• Problem description
Nothing in the data should change when you return it, but leave the pictures out.

• Data below
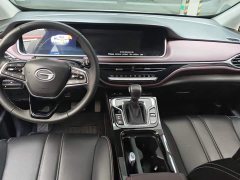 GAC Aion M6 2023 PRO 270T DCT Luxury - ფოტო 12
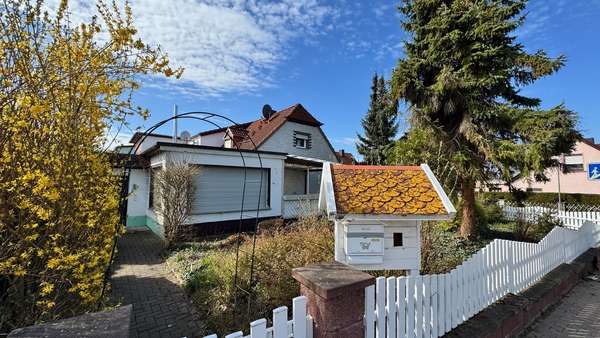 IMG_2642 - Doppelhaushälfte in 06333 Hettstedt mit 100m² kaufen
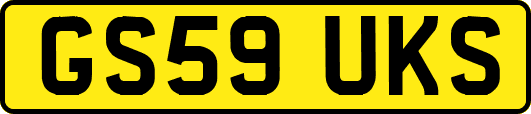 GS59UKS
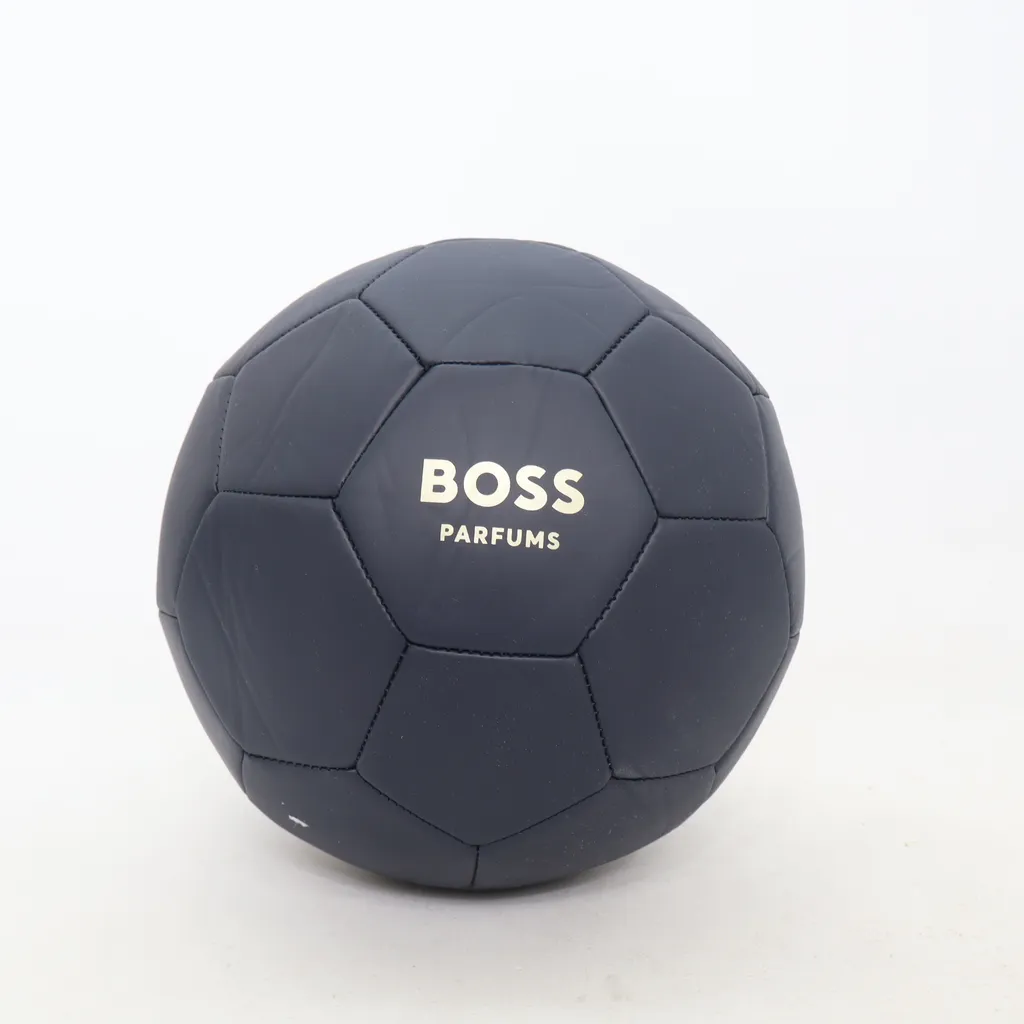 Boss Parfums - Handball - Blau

• Exercise solution
 GAC Aion M6 2023 PRO 270T DCT Luxury - ფოტო 12
 IMG_2642 - Doppelhaushälfte in 06333 Hettstedt mit 100m² kaufen
 GS59UKS
 Boss Parfums - Handball - Blau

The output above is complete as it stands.